RECORDS TO PROCESS »
= = =

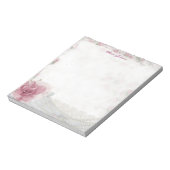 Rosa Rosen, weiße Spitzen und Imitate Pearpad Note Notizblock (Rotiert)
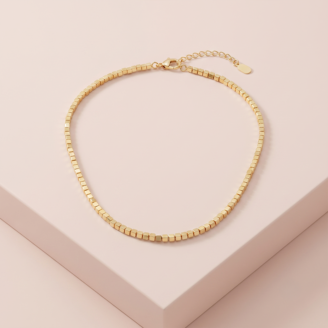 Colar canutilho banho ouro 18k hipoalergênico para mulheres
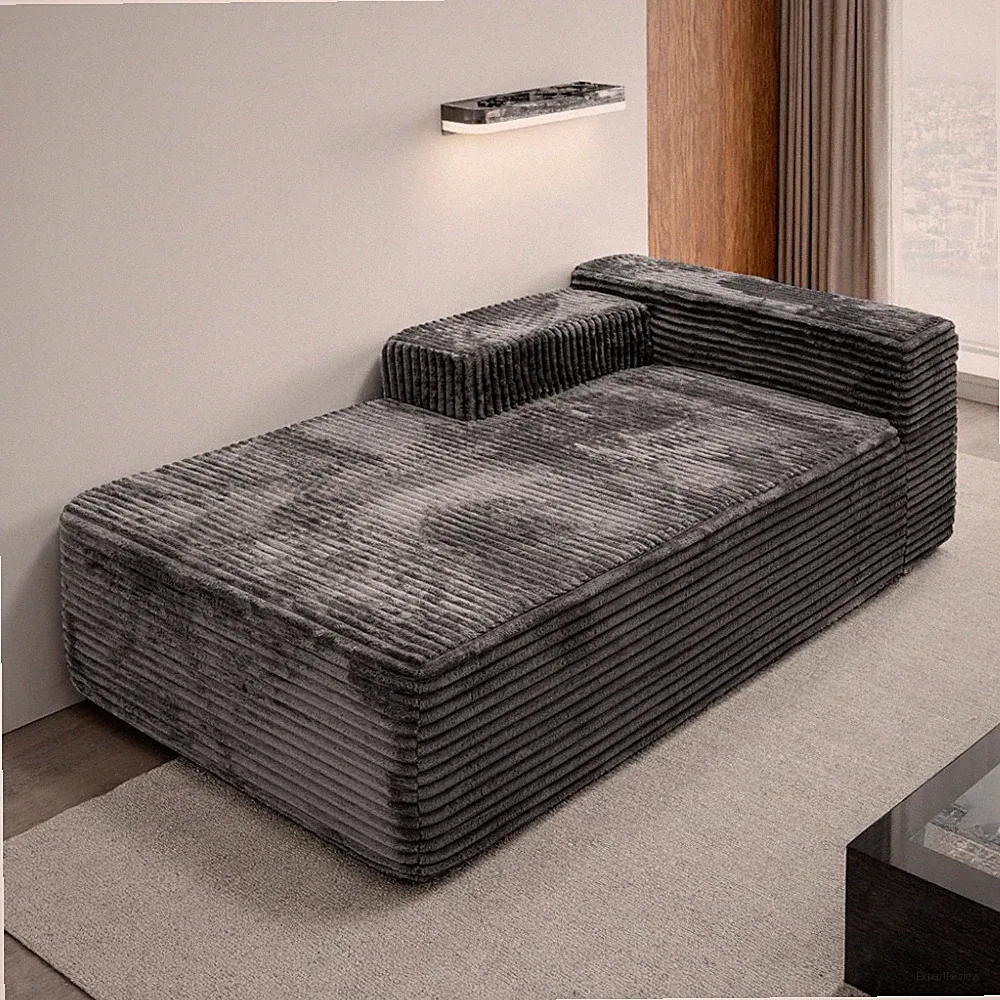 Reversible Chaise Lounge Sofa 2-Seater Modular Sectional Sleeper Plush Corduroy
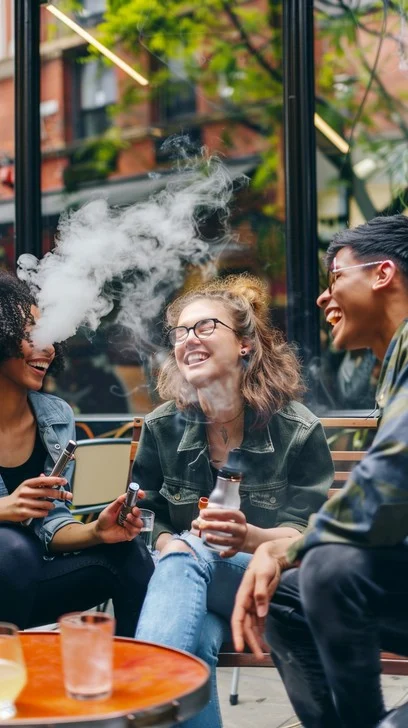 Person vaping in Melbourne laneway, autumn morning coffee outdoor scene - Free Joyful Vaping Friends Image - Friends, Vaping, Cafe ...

= = =

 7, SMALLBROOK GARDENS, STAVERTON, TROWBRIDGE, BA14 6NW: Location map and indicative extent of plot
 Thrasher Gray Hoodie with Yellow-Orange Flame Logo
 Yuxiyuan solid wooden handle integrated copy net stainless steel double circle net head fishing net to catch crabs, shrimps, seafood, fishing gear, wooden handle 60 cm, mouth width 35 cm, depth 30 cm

= = =

TASK »
Reproduce, word for word, everything in the listing above from the line containing "Rosa Rosen, weiße" down to the line containing "Person vaping in", both of them included. No pictures.

EXERCISE OUTPUT »
 Rosa Rosen, weiße Spitzen und Imitate Pearpad Note Notizblock (Rotiert)
 Colar canutilho banho ouro 18k hipoalergênico para mulheres
 Reversible Chaise Lounge Sofa 2-Seater Modular Sectional Sleeper Plush Corduroy
 Person vaping in Melbourne laneway, autumn morning coffee outdoor scene - Free Joyful Vaping Friends Image - Friends, Vaping, Cafe ...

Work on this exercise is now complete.